Concordia University isn’t holding anything back when they unravel the maroon and gold welcome mat this week. The university promises that this year’s orientation program has something for everyone.

“It was like asking 20 questions and having them all answered,” said 21 year-old Rosalind Williams, who attended several new student orientations already underway.

Williams, two years out of high school in Manitoba and embarking on a career in Psychology, admits to having more than first year butterflies.

“I didn’t know anything about attending a large university,” she said. “When you look at the size of Concordia it’s easy to be overwhelmed. I wondered if I was ready to be here.”

Even after two days of orientation Williams continues to experience what she calls unrelenting butterflies but admits that she now frets over her course load and academic expectations, something she feels is normal for all students.

“It’s a big jump from a small town high school to a large metropolitan university but the orientation seminars seem to take off some of the edge.”

The edge, for many students, is dealing with finding a new apartment, understanding the bus and metro lines, connecting with new people, and scurrying from campus to campus hoping to find classrooms. First year students like Williams quickly become overwhelmed and the difficulty is compounded by sudden loneliness and isolation.

The International Students Office (ISO) tried to help new students dispose of these uneasy feelings during their two orientation sessions Sept. 1-2. The sessions were especially designed for international students who are new to Concordia, as well as Montreal.

“Our orientation focuses on issues specific to settling in Montreal and Concordia,” said the Coordinator of the International Students Office Isabelle-M. Lacelle. “We help with the cultural adaptation of first year international students. Some of the problems that many new students encounter is finding an apartment and trying to communicate in English.”

Miguel Martins, 20, a physics and chemistry exchange student from France, found that his visit to the ISO orientation seminar proved helpful.

“It was helpful and very interesting. Concordia was my first choice to continue my studies and so far I have felt welcomed.”

Last year, the ISO served over four thousand international students, but only a third of them figure attended last year’s orientation. This year, Lacelle expects the numbers to be higher.

“We are usually [international students’] first contacts and we let them know that we are here to represent them.”

Over 900 new international students have attended this year’s orientation so far.

At the Concordia Student Union (CSU), orientation kicks off when the semester begins. Hyped as bigger and better than ever, the CSU is promising that the first two weeks of school will be jam-packed with events, activities, free food and music, as well as an opportunity to meet fellow students.

“The goal of Oreination is to welcome back students and help create and sustain a community atmopshere for all of our new students,” said Steven Rosenshein, VP. of Communications. “Concordia has so many services to offer and we want to make students more aware of what is available.”

This year’s performers include Canadian rock band Finger Eleven, and another group, Constantine.

Some of the events lined up include theme parties, community dining events, indoor and outdoor shows, movie nights and two nights of free concerts and shows on MacKay Street .

Many academic departments will also host their own orientation seminars in the following weeks.
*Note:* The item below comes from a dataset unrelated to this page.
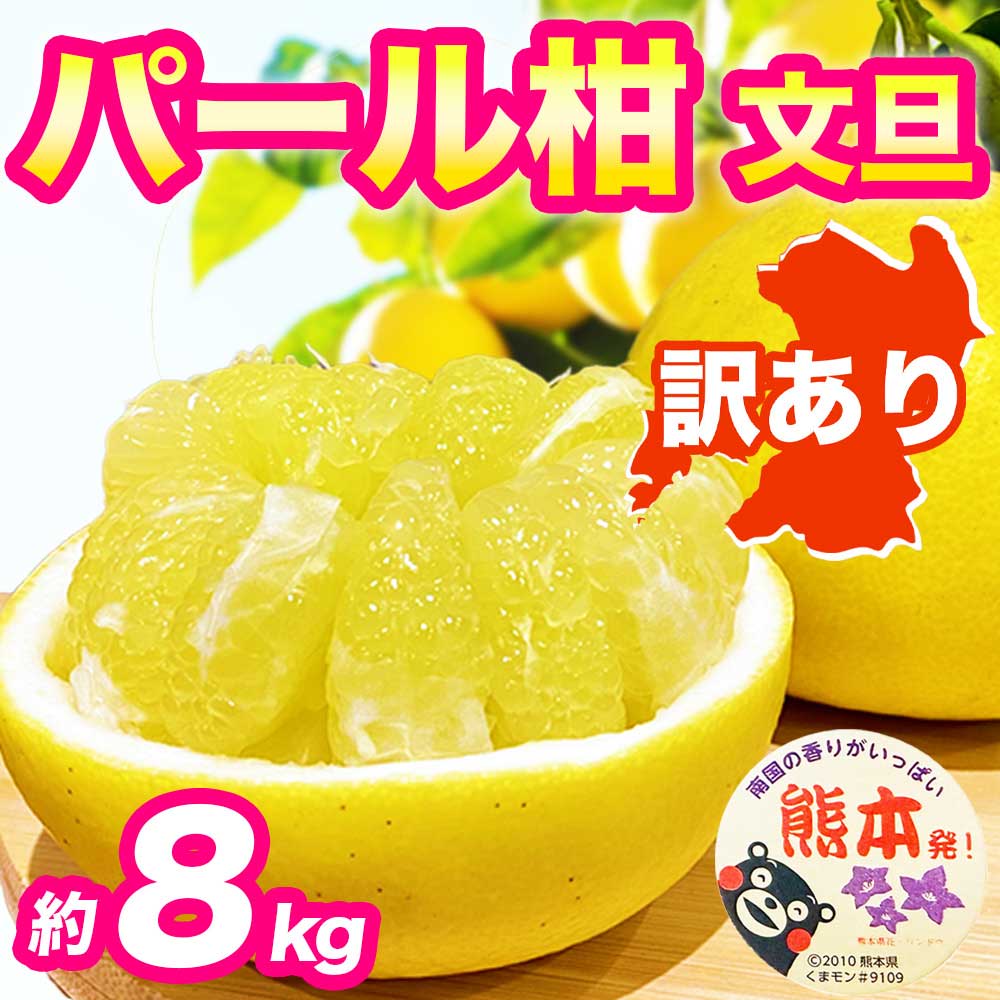 先行予約 訳あり パール柑 文旦 約8kg 果物 フルーツ くだもの 柑橘 【2027年2月上旬〜2027年3月下旬配送予定】文旦 ぶんたん 果物 フルーツ くだもの 柑橘 グレープフルーツ 国産 熊本 熊本県 九州 産地直送 わけあり ワケアリ 日本フルーツ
Students looking for something different may take interest in the alternative-orientation, titled the new Food for Thought, a joint initiative by the 2110 Centre (formerly the Dragonroot Centre), the People’s Potato, Le Frigo Vert and QPIRG Concordia.

These events will direct new and returning students to drug and alcohol free events that focus on the importance of food, health, education, peer support, advocacy, social justice and cultural issues.

Food for Thought events and projects include: The Living Guide, Living Map, Day on the Mezzanine, short films on social justice themes, and a series of workshops on a variety of topics. Food for Thought activities run on both campuses Sept. 19-29 and are open to all students.